[Opening Data excerpt section]

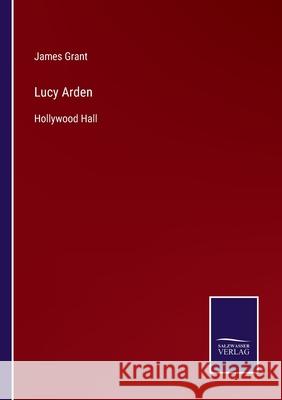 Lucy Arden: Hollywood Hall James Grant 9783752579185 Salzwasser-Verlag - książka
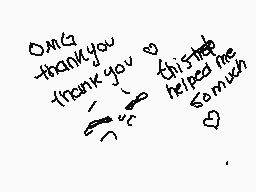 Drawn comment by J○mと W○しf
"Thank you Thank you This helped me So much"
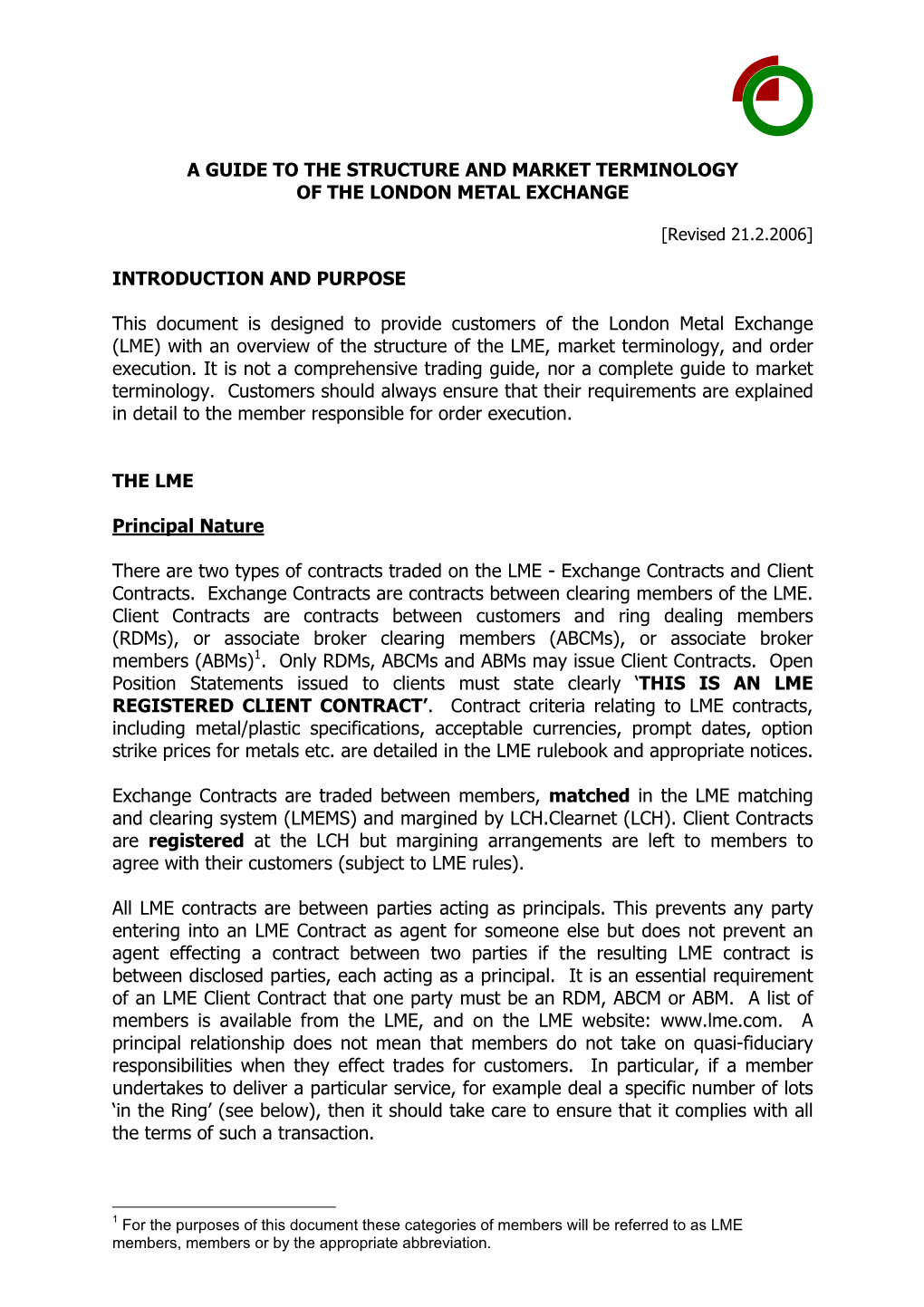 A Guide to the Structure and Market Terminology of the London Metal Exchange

[Closing Data excerpt section]

Required work: In the listing, find the line containing "you Thank you" and repeat it and every later line through the last one, word for word, excluding the pictures.

Written solution:
"Thank you Thank you This helped me So much"
 A Guide to the Structure and Market Terminology of the London Metal Exchange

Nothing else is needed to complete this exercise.